With the advent the Internet of Things (IoT), the security of connected devices has become a major issue: most devices perform valuable, sensitive operations and must be able to resist to targeted and relentless attacks by resourceful individuals and organizations.
Many believe that security boils down to properly using a few basic ingredients: cryptographic protocols (such as signature and encryption), secure elements, etc. However this is just a small part of the whole security story. Technologies and know-how to resist logical attacks have actually become the weak link for the security of new IoT architectures and connected devices. Hackers typically exploit logical errors to break into systems: low-level implementation bugs, protocol or specification flaws, design, configuration or initialization errors, violations of organizational security policy, etc.
Resistance to logical attacks becomes even more critical when it comes to operating systems. Public databases provide statistics on public bugs or vulnerabilities on all kinds of software. These databases clearly show that existing OSs and kernels are prone to a great number of errors and weaknesses, no matter who writes them, and no matter how long they have been in the field. For example, new errors are still being reported in the thousands every year on “well-known” systems such as Linux.
For security, the issue boils down to being able to produce and demonstrate that the OSs and kernels that are part of the Trusted Computing Base (TCB) are as close as possible to “zero-bug”, i.e., free from errors, either in their design or implementation, that could be potentially exploited for logical attacks.
At Prove & Run, we believe the challenge of IoT security and resistance against logical attacks in particular can be addressed using a focused combination of principles:
- Use a state-of-the-art security methodology that will in particular clearly set out a complete “security rationale” for the targeted system.
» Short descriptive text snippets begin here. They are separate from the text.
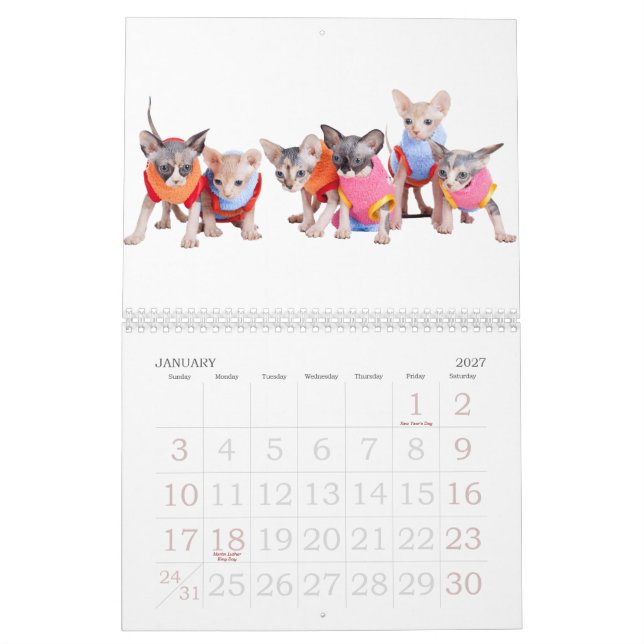 Calendário de parede | dos gatos de Sphynx (Jan 2027)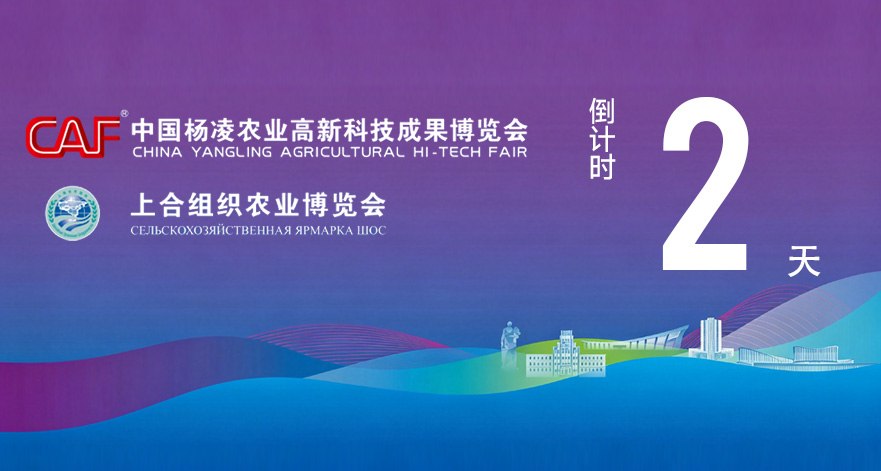 第33届杨凌农高会2026上合农博会距开幕还有2天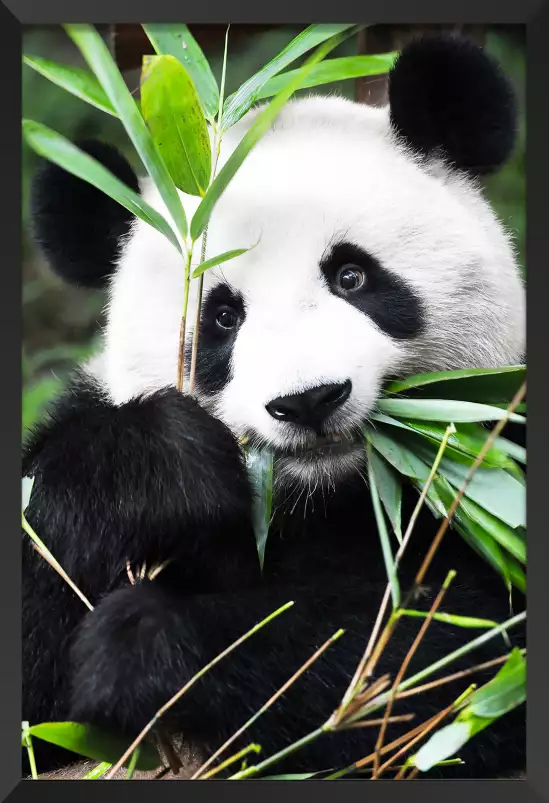 Regard de Panda - poster animaux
- Design security in your system and apply standard Security-by-Design techniques (secure boot, secure isolation for sensitive application, security perimeters, security in-depth, etc)
- To the extent that the OS and the kernel are to be trusted and included in the TCB, they need to resist hackers who will try to exploit bugs and weaknesses, i.e. errors in the security rationale. These software parts need in particular to be as close as possible to “zero-bug” with proven and auditable compliance with security properties.
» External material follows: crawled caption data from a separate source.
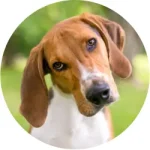 Foxhound Americano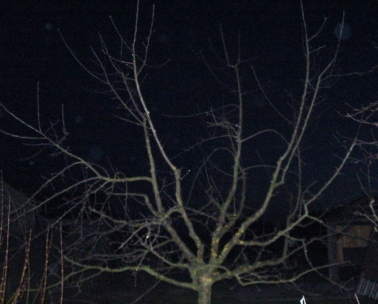 DSC01546.JPG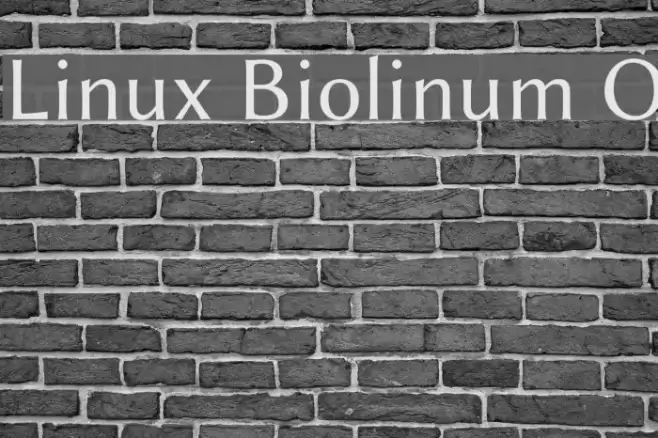 Linux Biolinum O Font examples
In line with this vision, Prove & Run aims at serving a range of industries using a two-pronged approach:
- Our off-the-shelf products, formally proven and ready to use and certify, can be used alone or in combination to secure virtually any IoT architecture at the highest level of security while keeping the cost and time-to-market compatible with your industrial constraints.
- Our services are available to help you secure your new or existing IoT architectures, or to develop secure custom firmwares, OS kernels, TEEs and hypervisors.